═════ RECORDS FOR THE EXERCISE ═════

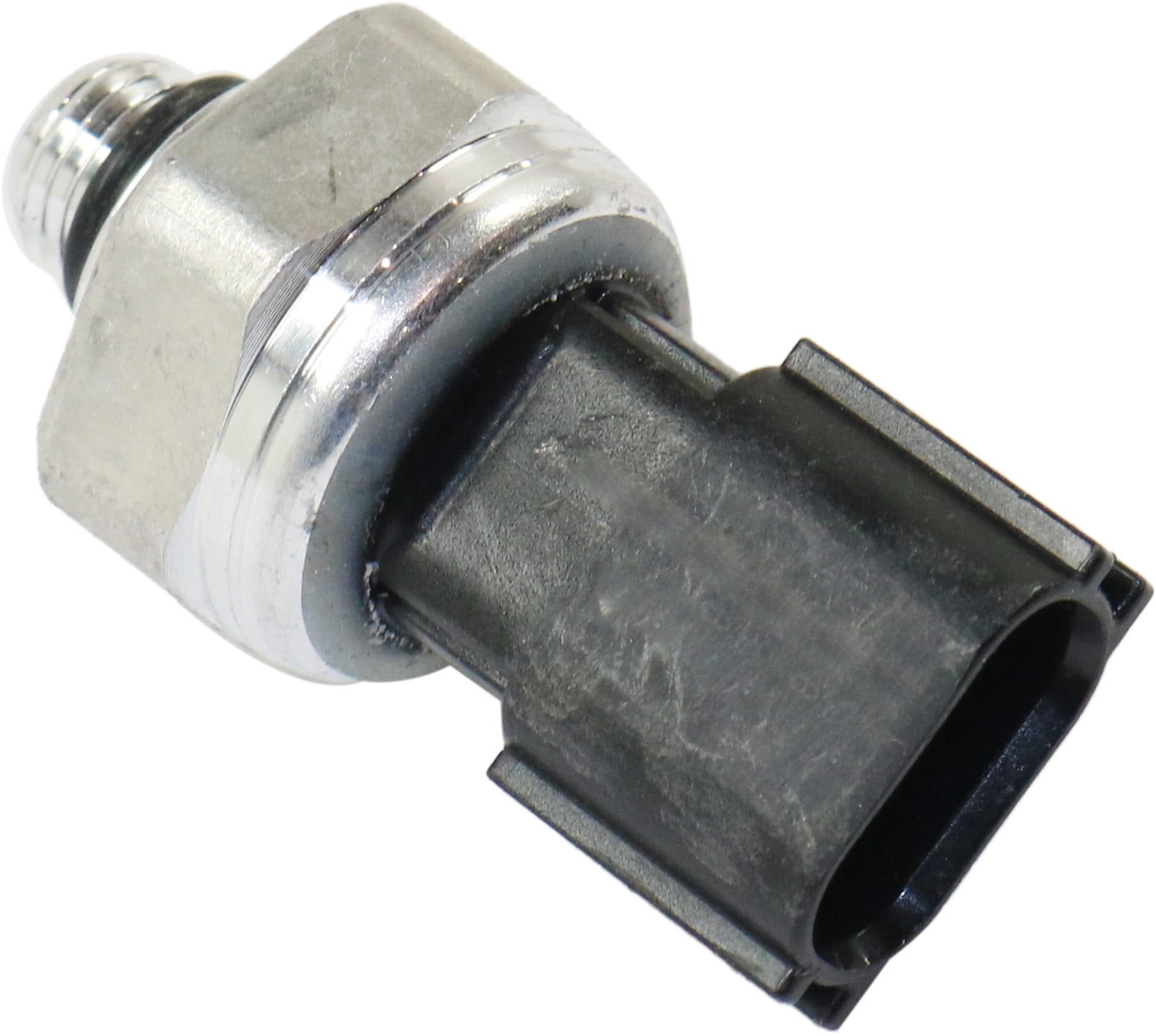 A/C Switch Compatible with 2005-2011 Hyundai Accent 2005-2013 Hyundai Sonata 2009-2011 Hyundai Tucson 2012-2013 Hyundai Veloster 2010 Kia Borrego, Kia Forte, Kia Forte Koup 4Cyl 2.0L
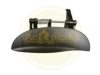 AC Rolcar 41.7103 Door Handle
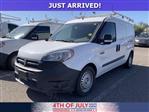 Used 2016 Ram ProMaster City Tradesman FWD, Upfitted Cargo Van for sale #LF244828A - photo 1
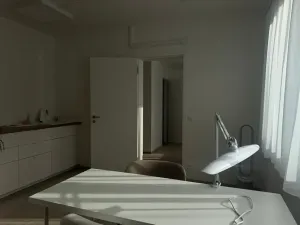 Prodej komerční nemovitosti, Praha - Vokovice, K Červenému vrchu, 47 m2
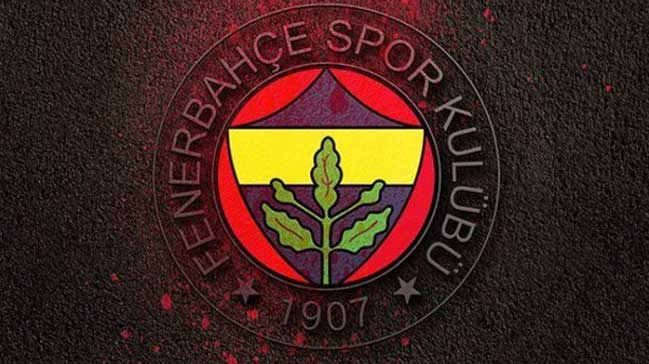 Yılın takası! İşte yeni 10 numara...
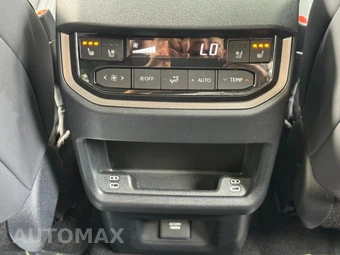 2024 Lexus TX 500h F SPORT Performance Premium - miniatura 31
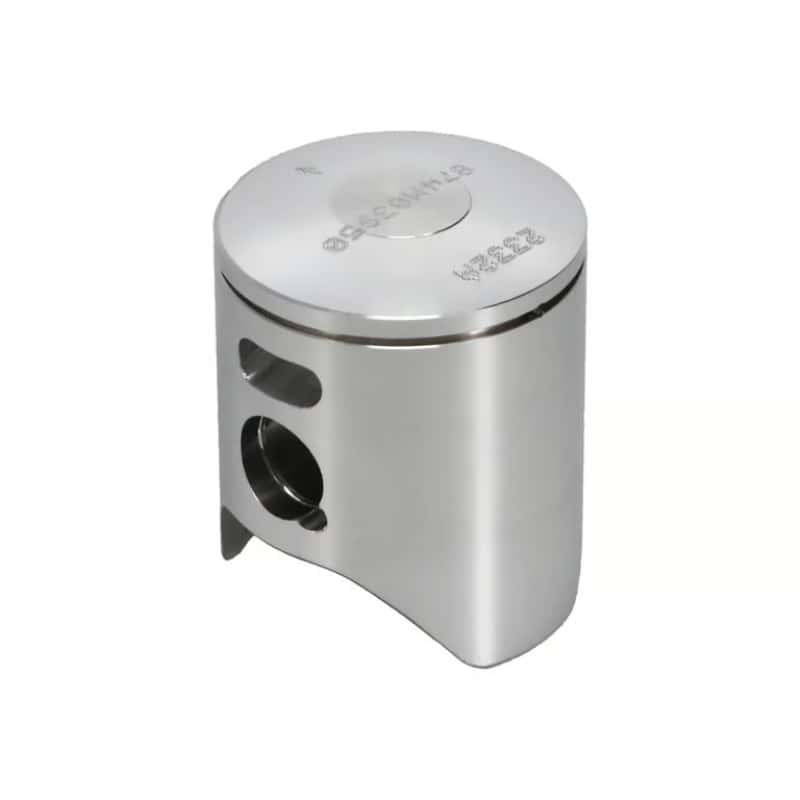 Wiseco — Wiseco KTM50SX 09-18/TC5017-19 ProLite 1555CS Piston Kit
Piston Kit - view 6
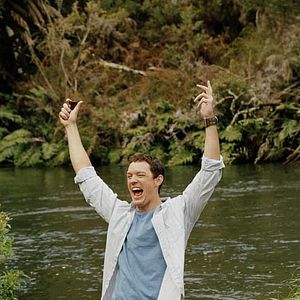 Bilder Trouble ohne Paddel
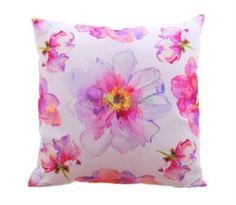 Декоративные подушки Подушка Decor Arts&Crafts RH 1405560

═════

WORK INSTRUCTION — The full data, repeated exactly and stripped of its pictures, is the expected answer.

WRITTEN RESPONSE —
 A/C Switch Compatible with 2005-2011 Hyundai Accent 2005-2013 Hyundai Sonata 2009-2011 Hyundai Tucson 2012-2013 Hyundai Veloster 2010 Kia Borrego, Kia Forte, Kia Forte Koup 4Cyl 2.0L
 AC Rolcar 41.7103 Door Handle
 Used 2016 Ram ProMaster City Tradesman FWD, Upfitted Cargo Van for sale #LF244828A - photo 1
 Prodej komerční nemovitosti, Praha - Vokovice, K Červenému vrchu, 47 m2
 Yılın takası! İşte yeni 10 numara...
 2024 Lexus TX 500h F SPORT Performance Premium - miniatura 31
 Wiseco — Wiseco KTM50SX 09-18/TC5017-19 ProLite 1555CS Piston Kit
Piston Kit - view 6
 Bilder Trouble ohne Paddel
 Декоративные подушки Подушка Decor Arts&Crafts RH 1405560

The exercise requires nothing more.